Stephen King has been known well for creating compelling horror stories from seemingly ordinary backgrounds, and “It” is surely one of his prime examples. As the story and characters are vividly and realistically established in this big, ambitious modern horror work, we are gradually drawn to its captivating tale about a group of kids confronting an unspeakable evil entity which has haunted their small town in Maine for numerous years, and we come to brace ourselves as King rolls his story and characters toward the climactic confrontation between good and evil.

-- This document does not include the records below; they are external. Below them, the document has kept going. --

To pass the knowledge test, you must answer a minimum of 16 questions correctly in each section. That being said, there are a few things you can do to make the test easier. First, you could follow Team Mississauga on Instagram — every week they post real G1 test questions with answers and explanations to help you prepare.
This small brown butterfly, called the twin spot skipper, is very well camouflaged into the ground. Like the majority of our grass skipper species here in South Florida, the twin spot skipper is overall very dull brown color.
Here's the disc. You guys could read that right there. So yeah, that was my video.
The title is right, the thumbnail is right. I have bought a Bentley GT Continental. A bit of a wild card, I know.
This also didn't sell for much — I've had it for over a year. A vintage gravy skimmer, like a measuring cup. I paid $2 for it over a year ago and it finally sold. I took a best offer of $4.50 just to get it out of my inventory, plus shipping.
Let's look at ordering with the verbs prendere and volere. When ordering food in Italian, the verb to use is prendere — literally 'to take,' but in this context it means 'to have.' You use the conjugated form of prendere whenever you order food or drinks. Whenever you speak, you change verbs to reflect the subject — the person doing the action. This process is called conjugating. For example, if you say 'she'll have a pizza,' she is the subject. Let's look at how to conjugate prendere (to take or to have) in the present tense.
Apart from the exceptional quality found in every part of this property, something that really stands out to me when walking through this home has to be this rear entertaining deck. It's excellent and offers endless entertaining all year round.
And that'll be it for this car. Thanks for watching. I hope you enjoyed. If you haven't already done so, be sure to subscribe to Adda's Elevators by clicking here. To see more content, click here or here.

As a guy who voraciously read “It” and King’s many other works during his loony adolescent years, I was certainly intrigued when it was announced several years ago that “It” would be made into a feature film, but then I and others heard about the troubles surrounding the pre-production process of the movie. While the production eventually began in last year, I could not help but skeptical about whether the movie would be successful or not.

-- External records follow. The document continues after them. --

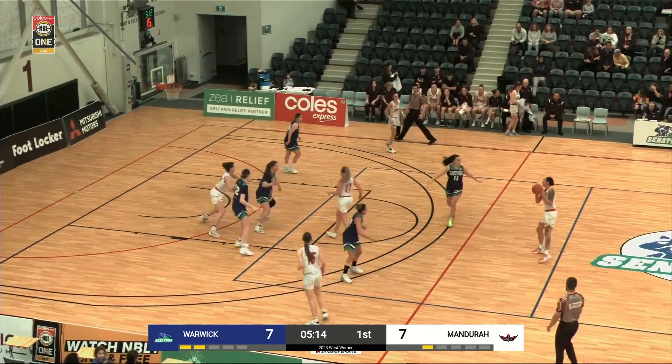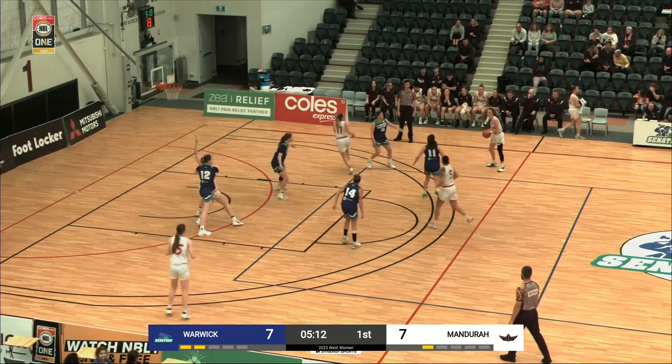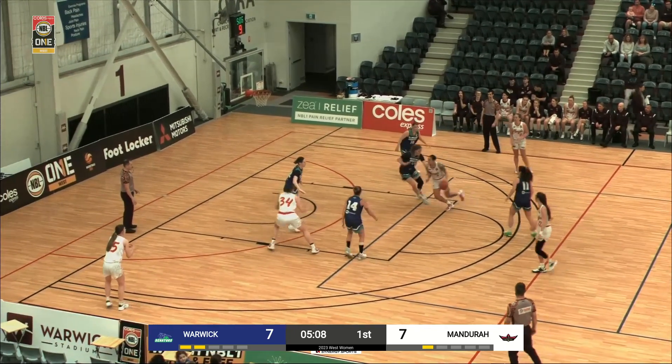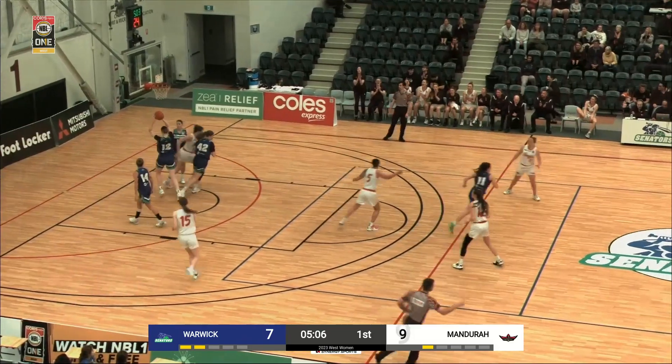Bring her defenders away from it and has a very soft touch. She needs to have more time on the court to really prove a nuisance here. Ta'ina pulls up mid-range — it's good.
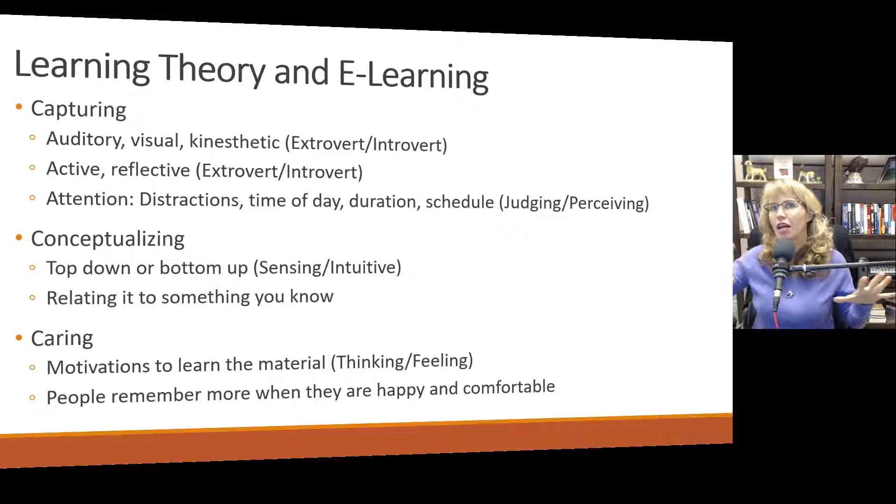Kinesthetic learners often prefer things that are more active, more hands-on, and more application-based. Active and reflective is another dimension. You're either auditory, visual, or kinesthetic primarily, though you probably have some aspects of the others. People are rarely purely auditory learners — you just prefer one style.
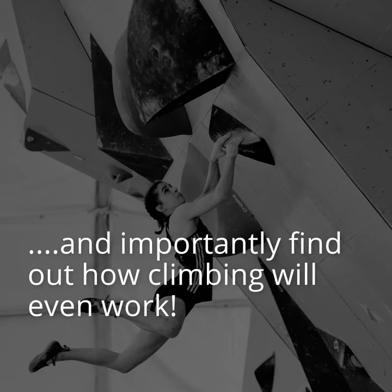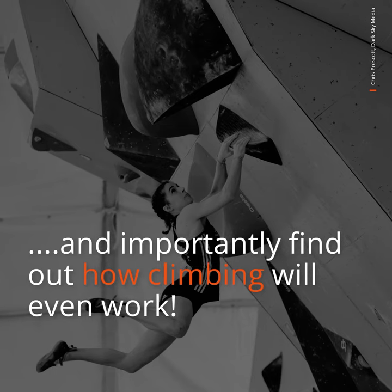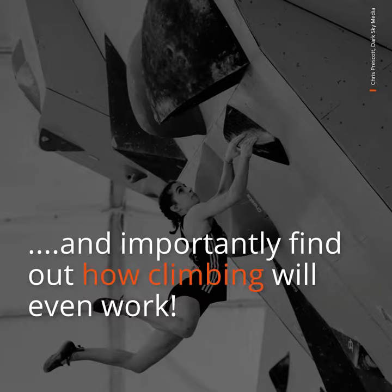So the whole climbing process in the Olympics — how does that work? It's slightly different. It's essentially a combination of three disciplines. You start with speed climbing, which is just like 100 meters of climbing — it's a race to the top. You can climb 15 meter walls in about five to seven seconds, something ridiculous like that.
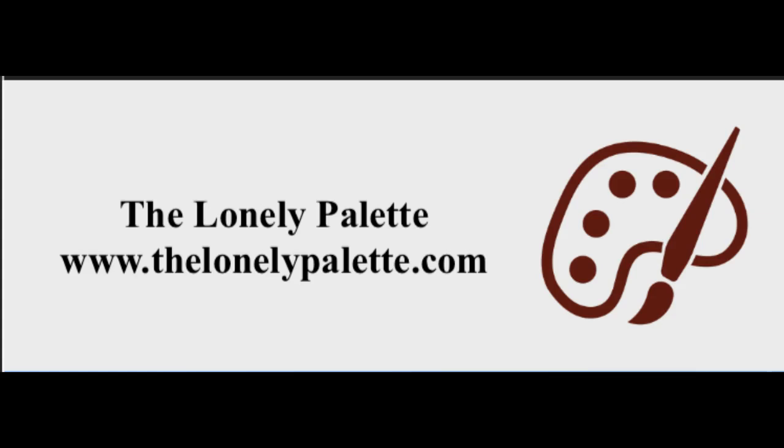Special thanks to Susan Avishai, my mom, and the intrepid museum goers at the Museum of Fine Arts Boston, all of whom you heard at the top of the episode. For more information, past episodes, and all of the images, go to thelonelypalette.com. You can follow us on Twitter at Lonely Palette, or on Instagram at The Lonely Palette. Like us on Facebook. And please, if you're a fan of the show, leave a rating and a review at Apple Podcasts — it really helps other people find us. If you're feeling extra generous, you can support the show on Patreon at patreon.com/lonelypalette. The Lonely Palette is a proud founding member of Hub & Spoke, a collective of idea-driven, mind-expanding podcasts — check out all of our shows at hubspokeaudio.org.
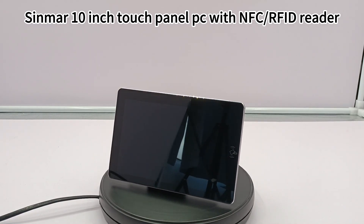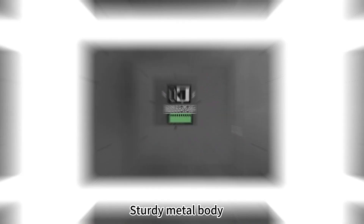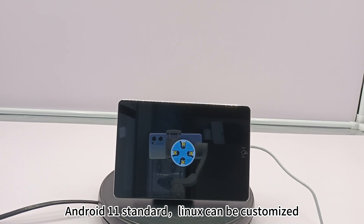CINMAR 10-inch Touch Panel PC with NFC-RFID Reader, sturdy metal body. Android 11 standard; Linux can be customized.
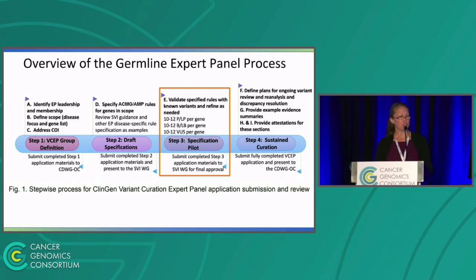I want to give a quick overview of the germline expert panel process, which we are replicating on the somatic side as well. You identify the leadership and address conflicts of interest. Step two is to specify the ACMG AMP guidance. The third stage is to validate those rules on known variants — this is what we're focusing on in the cancer variant interpretation working group. For the germline side, about 30 to 40 variants are piloted on the specifications, that goes to the SVI for approval, and then the final step is to define long-term plans for sustained curation.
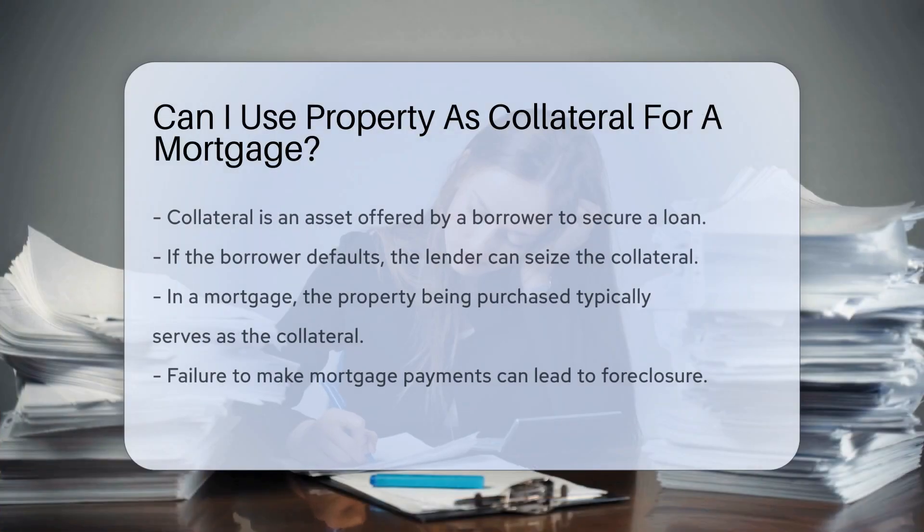When considering a mortgage, collateral is a critical component. Collateral is an asset that a borrower offers to a lender to secure a loan. If the borrower defaults, the lender can seize the collateral. And in the context of a mortgage, the property being purchased usually serves as the collateral.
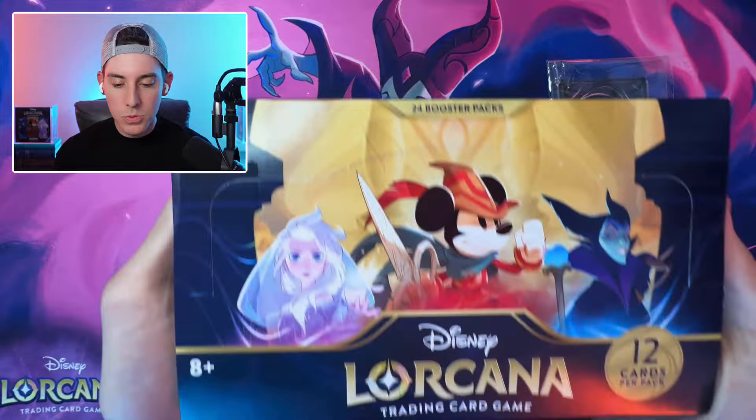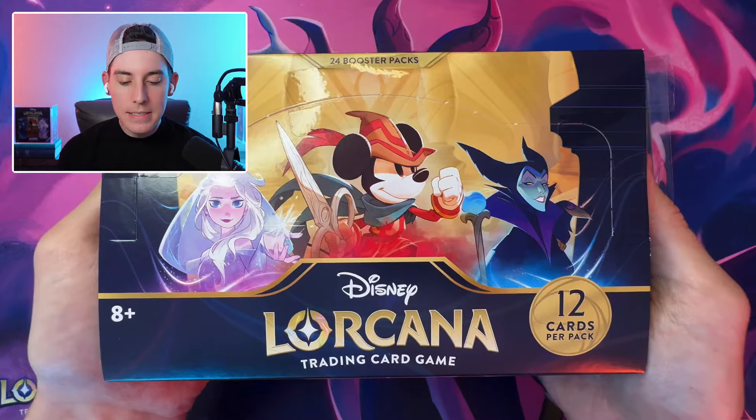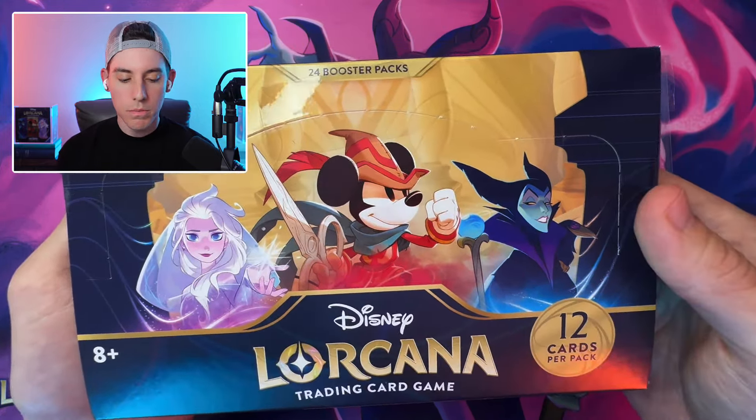The second sealed product is a First Chapter booster box. I have a pretty good idea where she got it — my guess is it's from the restock connected to the most recent set championships with the Ursula enchanted promo card. Super cool, and maybe we'll open that up in a future video. Those are the only two things I know about — we'll set those aside.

Anyway, I am glad to report that the movie does its job as well as intended, but I am also a bit disappointed to see that it is not as special as I hoped. No, there is nothing particularly wrong with the movie, and it has enough good elements to engage me, but I somehow observed the movie from the distance as thinking more about what I imagined while reading King’s novel a long time ago. This is surely a competent horror film with some nice scary moments, but I was not that terrified even while appreciating its goodies.
Although moving the main background of a half of King’s novel from 1958 to 1989, the movie is mostly faithful to the novel, and that is evident from its terrific opening sequence, which is unfolded on one gloomy rainy day in Derry, Maine. We see a young boy named George (Jackson Robert Scott) happily going outside with a paper boat made by his older brother Bill (Jaeden Lieberher, who was wonderful in “St. Vincent” (2014) and “Midnight Special” (2016)), but then he comes to encounter something in the storm drain when his paper boat happens to go down into the drain. Shrouded in ominous gloominess right from its first shot, the opening sequence effectively sets the tone, and it eventually culminates to a horrendous moment as the entity in question reveals its fiendish nature to George.
Six months later, summer begins for kids as the last day of their school is over, and Bill and his friends Richie (Finn Wolfhard, who was memorable in TV series “Stranger Things”), Stanley (Wyatt Oleff), and Eddie (Jack Dylan Grazer) are ready to enjoy their summer days like any other students, but, as reflected by one brief shot showing the notice of curfew time, their town has been disturbed by a series of incidents of missing kids since George was gone missing. While his parents believe George is dead, Bill is determined to try as much as he can for finding his brother, and his friends are willing to help him because, well, it looks like a fun adventure for their summer days.
The first half of the movie focuses on how they are joined by three other kids: Ben (Jeremy Ray Taylor), Mike (Chosen Jacobs), and Beverly (Sophia Lillis), the only girl in the group. Like Bill and his friends, they have struggled with each own problems inside or outside their school, and these seven kids stick together as the members of the ‘Losers Club’ when they confront a gang of mean bullies including Henry (Nicholas Hamilton), the most vicious one among the bunch.
But there is a far bigger threat out there, and each of them has a frightening experience because of that entity responsible for George’s missing, which is mainly manifested into the shape of a creepy clown named Pennywise the Dancing Clown (Bill Skarsgård). As they come to delve more into their supernatural matter, the entity, which is simply called ‘It’ in King’s novel, threatens them more, and the movie accordingly doles out another series of tense, spooky moments.
Director Andy Muschietti, who previously directed “Mama” (2013), did a skillful job of accumulating enough mood and suspense on the screen. The cinematography by Chung-hoon Chung, who has been mainly known for his contribution to Park Chan-wook’s works, frequently suggests something dark and insidious in corners, and so does the score by Benjamin Wallfisch. The period background details in the film are authentic on the whole, and you may be a little amused to spot the movie posters of “Gremlins” (1984) and “A Nightmare on Elm Street 5: The Dream Child” (1989).
However, the movie does not entirely satisfy me especially during its second half, which becomes a bit too repetitive in its shock and awe and then arrives at a rather ponderous action climax unfolded within the underground sewer system of the town. In the end, the movie merely feels like a warm-up process for whatever will come next in the following sequel, and I came out of the screening room with a certain degree of dissatisfaction.
While Jaeden Lieberher and Finn Wolfhard draw our attention first due to their more notable acting careers, they and other young main performers in the film are effortless in their ensemble acting, and that is the main reason why the movie works. On the opposite, Bill Skarsgård lacks the twisted sense of humor in Tim Curry’s deliciously over-the-top performance in the 1990 TV miniseries which is based on King’s novel, but he is as nasty and spooky as required at least, and he is certainly having his own dark fun during his scenes.
Overall, “It” is better than the 1990 TV miniseries version in terms of storytelling and technical aspects, and I recommend the movie mainly because I appreciated its good mood and performance, but I don’t think it will be remembered as one of the best movies based on King’s works. They tried, and they succeeded to some degrees anyway, so I will not grumble despite my reservation.